So lived this excellent man, as happy as he was good and useful, for sixteen years with his dear wife; they had seven living children; but, as I before told you, she had very delicate health, and it was the will of God that these two loving hearts should be separated in this world, as we hope, to meet in heaven to part no more. After sixteen years of perfect love and joy, he parted with his dear Agatha.
Henry bore his sorrow meekly and patiently. He did not speak, he could not weep; but life was never again the same thing to him; he never parted for a moment with the memory of his loving and dearly-beloved wife. He was then only thirty-five years old, but he never married again; and when urged to take another wife, he always replied, "I cannot marry again." He felt that he was married forever to his dear Agatha.
I must relate to you some of the beautiful things Henry's daughter told me about her mother. Agatha had such a refined and beautiful taste and manner that though, from her parents' poverty, she had not had the benefit of an education, yet it was a common saying of the many who knew her, that she would have graced a court. She never said or did any thing that was not delicate and beautiful. Her dress, even when they were very poor, had never a hole nor a spot. She never allowed any rude or vulgar thing to be said in her presence without expressing her displeasure. She was one of nature's nobility. She lived and moved in beauty as well as in goodness.
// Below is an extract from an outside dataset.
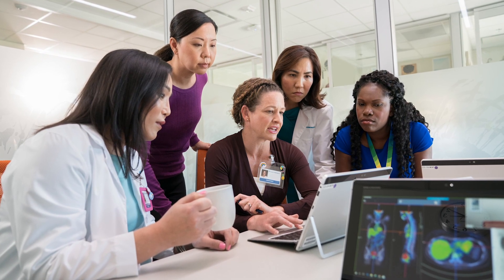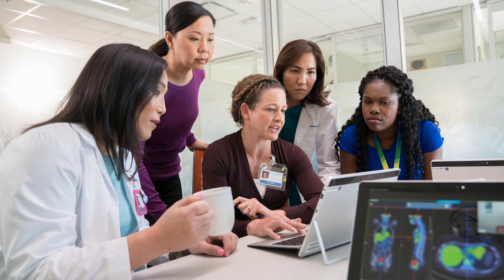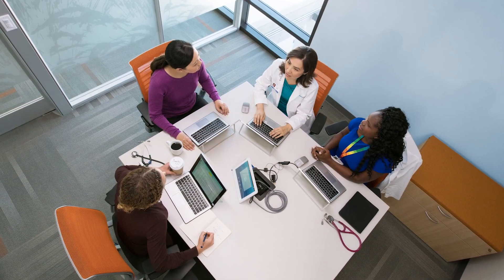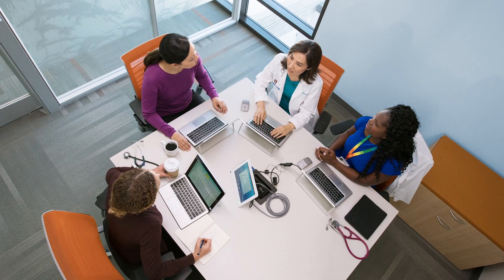Foundational Science is going to equip students with the critical thinking skills they need to approach any kind of gaps in knowledge. These gaps can be in foundational science itself, in health system science, or in clinical science. The student will be able to rigorously identify and address these gaps with a sound method.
When she found she was dying, she asked her husband to leave the room, and then asked a friend who was with her to pray silently, for she would not distress her husband; and so she passed away without a groan, calmly and sweetly, before he returned. An immense procession of the people followed her to the grave, to express their admiration of her character and their sorrow for her early death. There were in Hamburg, at that time, two large churches, afterwards burned down at the great fire, which had chimes of bells in their towers. These bells played their solemn tones only when some person lamented by the whole city died. These bells were rung at the funeral of Agatha.
Henry, ever after his separation from her, would go, at the anniversary of her birth and death, and take all his children and grand-children with him to her grave. They carried wreaths and bouquets of flowers, and laid them there; and he would sit down with them and relate some anecdote about their mother.
It is a custom with the people of Germany to strew flowers on the graves of their friends. The burying ground was not far from the street, and often unfeeling boys would steal these sacred flowers; but not one was ever stolen from the grave of Agatha.
The sister of whom we have before spoken, whom we will call also by her Christian name, Catharine, loved her sister with the most devoted love, and when Agatha was dying, promised her that she would be a mother to her children, and never leave them till they were able to take care of themselves.
She kept her word. She refused many offers of marriage, which she might have been disposed to accept, and was a true mother to her sister's children, till they were all either married or old enough not to want her care. Then, at the age of fifty, aunt Catharine married a widower, who had three children, who wanted her care.
From the time Henry lost his dear wife, he devoted himself not only more than ever to his children, but also to the good of his workmen. He sought in duty, in good works, for strength to bear his heavy sorrow; so that death might not divide him from her he loved, but that he might be fitting himself for an eternal union with her in heaven.
Henry never forgot that he had been obliged to work hard for a living himself, and he also remembered what had been his greatest trials in his days of poverty. He determined to save his workmen from these sufferings as much as possible.